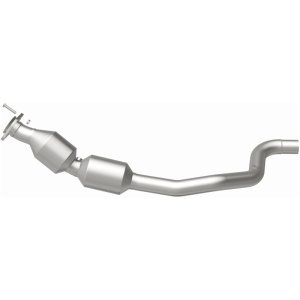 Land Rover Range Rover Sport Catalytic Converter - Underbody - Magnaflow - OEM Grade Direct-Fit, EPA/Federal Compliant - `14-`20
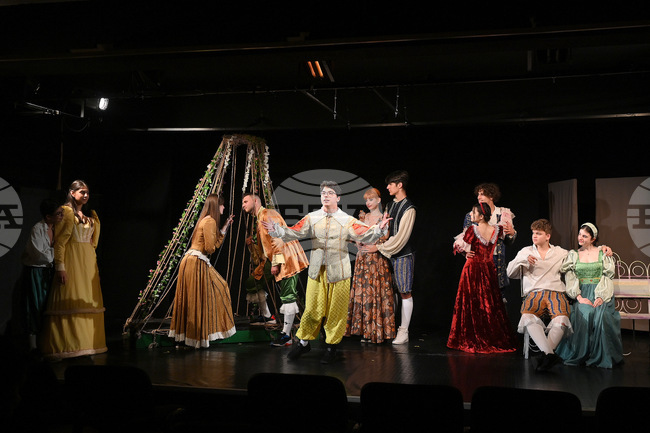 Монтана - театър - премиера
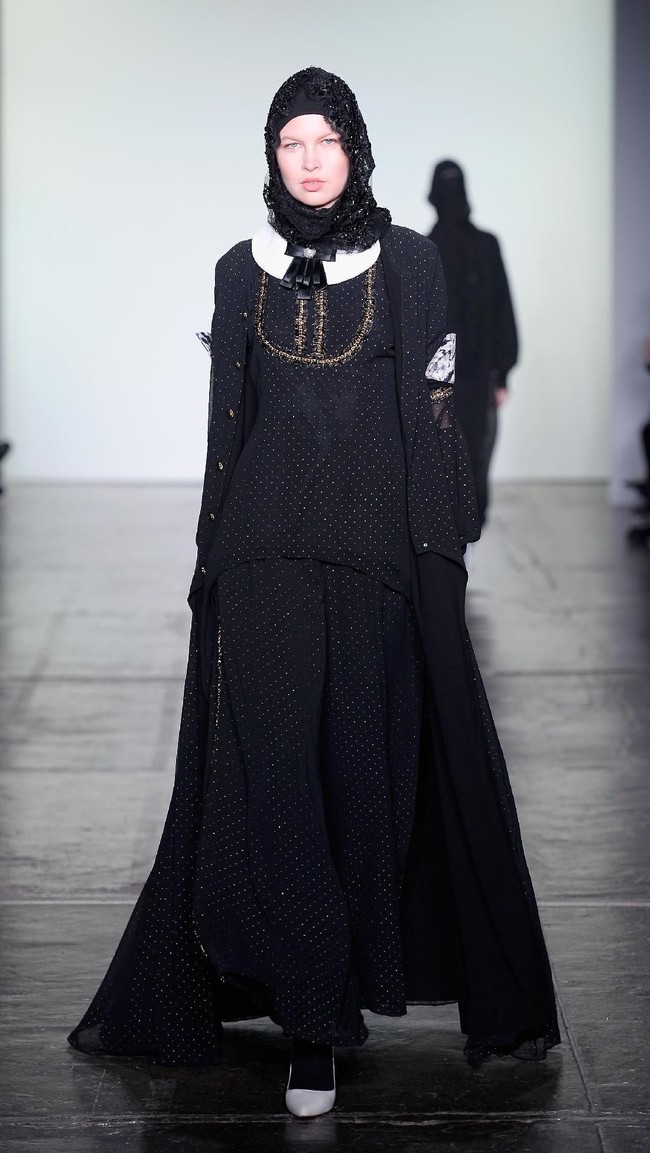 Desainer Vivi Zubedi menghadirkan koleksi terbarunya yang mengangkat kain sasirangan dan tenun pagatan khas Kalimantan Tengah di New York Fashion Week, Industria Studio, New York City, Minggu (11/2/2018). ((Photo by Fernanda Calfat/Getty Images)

WHAT YOU WILL DO: Everything from the line that contains "Монтана - театър - премиера" to the final line of the data is to be duplicated exactly, both ends included, except the pictures.

PROBLEM SOLUTION:
 Монтана - театър - премиера
 Desainer Vivi Zubedi menghadirkan koleksi terbarunya yang mengangkat kain sasirangan dan tenun pagatan khas Kalimantan Tengah di New York Fashion Week, Industria Studio, New York City, Minggu (11/2/2018). ((Photo by Fernanda Calfat/Getty Images)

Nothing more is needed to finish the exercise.